The model 122 can be or can otherwise include various
machine-learned models such as neural networks (e.g., deep neural
networks) or other multi-layer non-linear models. Neural networks
can include recurrent neural networks (e.g., long short-term memory
recurrent neural networks), feed-forward neural networks, or other
forms of neural networks. The model 122 can receive an input 124
including, at least, data indicative of the job posting 112. The
model 122 can be trained to provide a model output 126 that is
indicative of the portion 116 of the textual content 114 that is
descriptive of one or more skill(s) associated with the job based
at least in part on the input 124.
[0021] The model 122 can be trained using various training or
learning techniques, such as, for example, backwards propagation of
errors. In some implementations, performing backwards propagation
of errors can include performing truncated backpropagation through
time. A model trainer (e.g., of the computing system 104, of
another computing system) can perform a number of generalization
techniques (e.g., weight decays, dropouts, etc.) to improve the
generalization capability of the models being trained.
[0022] The model 122 can be trained using suitable training data.
For instance, the training data can include labeled job posting
training data with labeled sections (e.g., requirements,
responsibilities, company overview, compensation, work environment,
other sections). The model 122 can be trained to assign a section
category to a string with a probability. The model 122 can be based
at least in part on bag of words and can use features such as
n-grams and skip-grams. Transition rules can also be encoded into
the overall logic of the model 122. The transition rules can
indicate the probability of observing a certain section category
after observing one category. The model 122 can be tested using new
job postings with known sections to determine the accuracy of the
model 122.
[0023] The computing system can access a database 128 that includes
data indicative of a vocabulary. The vocabulary can include a clean
list of skills, which can be used to perform string based matching,
as further described herein.
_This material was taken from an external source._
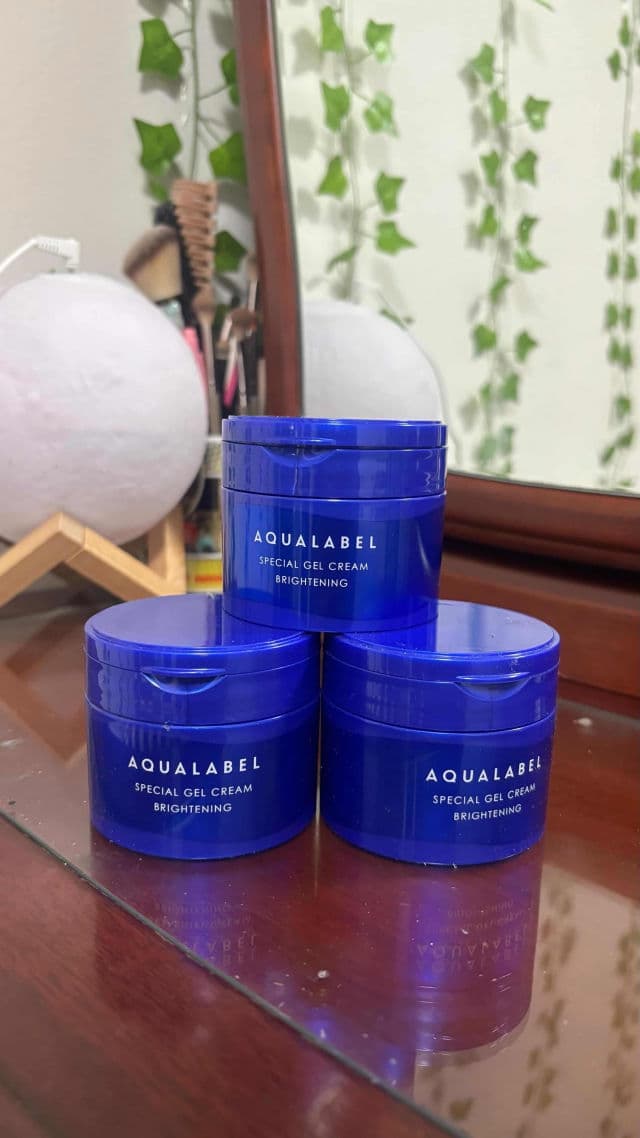Aqua Label Special Gel Cream A (White) review photo by bizy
The vocabulary can be built from
various sources including to online professional networks, job
boards, blogs, news articles, resumes, user profiles (e.g., on job
searching sites), etc. The vocabulary can include skills that have
been cleaned, for example, by a cleaner engine and/or a spell
correction engine that takes a raw skill term/phrase (e.g., parsed
from the sources) as an input and outputs a clean skill term/phrase
and/or an empty string. The cleaning can include removing unwanted
symbols (e.g., punctuation), removing unwanted numbers, removing
stop words, removing skill specific stop words, stemming,
synonym/acronym conversion, and/or other procedures. The vocabulary
can be used to help identify the skills of the job posting 112.
[0024] FIG. 2 depicts a flow chart of an example method 200 of
extracting job skills from a job posting according to example
embodiments of the present disclosure. One or more portion(s) of
method 200 can be implemented by a user computing device (e.g.,
102) and/or other computing device(s) (e.g., 110), such as, for
example, those shown in FIGS. 1 and 4. One or more portion(s) of
method 200 can be implemented as an algorithm on the hardware
(e.g., computer components of FIG. 4) to perform the
computer-implemented function(s) as set forth in the claims. FIG. 2
depicts steps performed in a particular order for purposes of
illustration and discussion. Those of ordinary skill in the art,
using the disclosures provided herein, will understand that the
steps of any of the methods discussed herein can be adapted,
rearranged, expanded, omitted, or modified in various ways without
deviating from the scope of the present disclosure.
[0025] At (202), the method 200 can include obtaining data
indicative of a job posting. For instance, the computing device(s)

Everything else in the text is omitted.